What you are asked to do: Leave out the pictures and repeat exactly the lines from the one containing "To begin, export" through the final line of the listing below.

Task material:

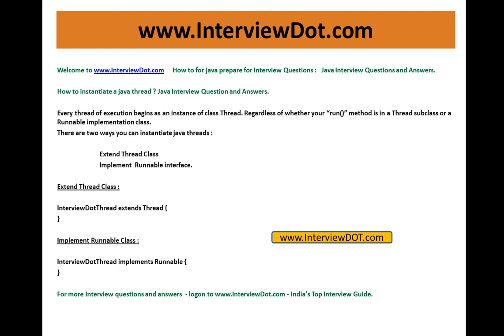Hope this video is useful for your interview preparation. Very simple but you should know the answer for the question. For more Java interview questions, please log on to interviewdot.com. We have thousands of Java interview questions on our website. It is India's top interview guide. Thank you for watching this video and all the best for your interview. Thank you.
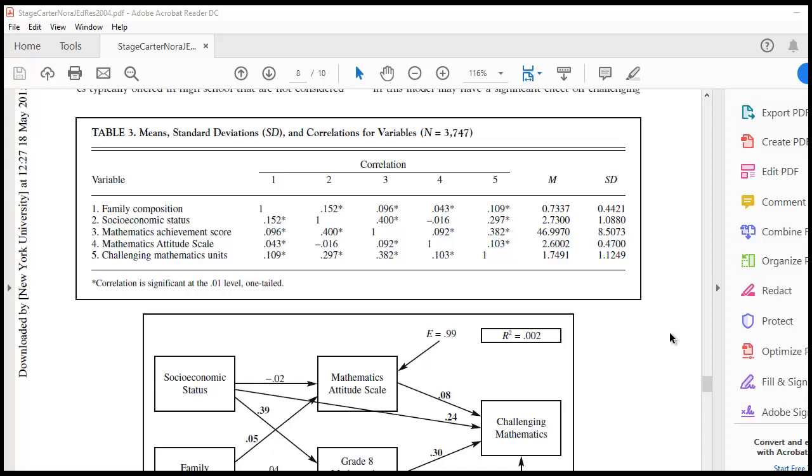Okay, in this video I'm going to demonstrate how to import matrix summary data that's saved in an SPSS file into AMOS in order to run a path analysis.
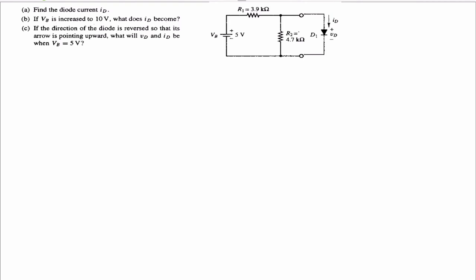Welcome back, this is Inc. In today's problem, we're given the following circuit and are asked to find the following information.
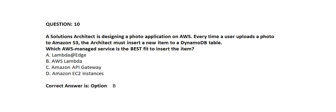A solutions architect is designing a photo application on AWS. Every time a user uploads a photo to Amazon S3, the architect must insert a new item to a DynamoDB table. Which AWS managed service is the best fit to insert the item?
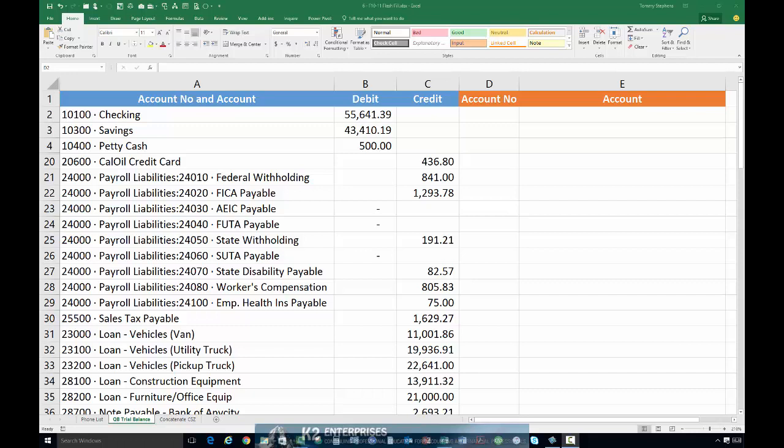To begin, export the trial balance report from QuickBooks. Of course you do this by opening QuickBooks, bringing up the trial balance report, and then clicking the export option. That will produce a report similar to what you see on the screen.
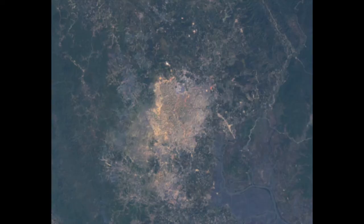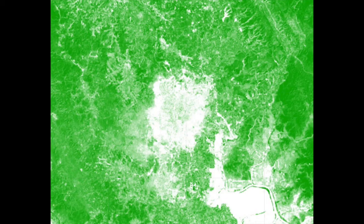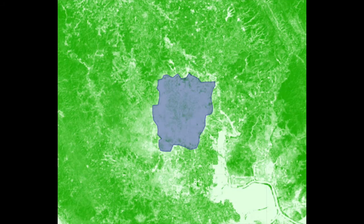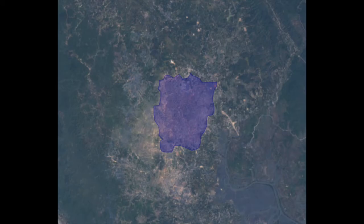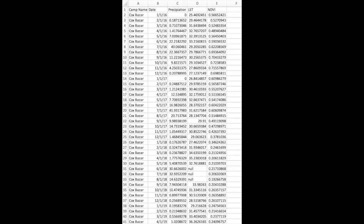Using variations in the Normalized Difference Vegetation Index (NDVI), a measure of vegetation growth, we were able to draw accurate boundaries around 18 refugee camps in Bangladesh, Syria, and Eastern Africa. With these shapes, we extracted time series of land surface temperature, NDVI, and precipitation over many years and up to the present.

Answer box:
To begin, export the trial balance report from QuickBooks. Of course you do this by opening QuickBooks, bringing up the trial balance report, and then clicking the export option. That will produce a report similar to what you see on the screen.
Using variations in the Normalized Difference Vegetation Index (NDVI), a measure of vegetation growth, we were able to draw accurate boundaries around 18 refugee camps in Bangladesh, Syria, and Eastern Africa. With these shapes, we extracted time series of land surface temperature, NDVI, and precipitation over many years and up to the present.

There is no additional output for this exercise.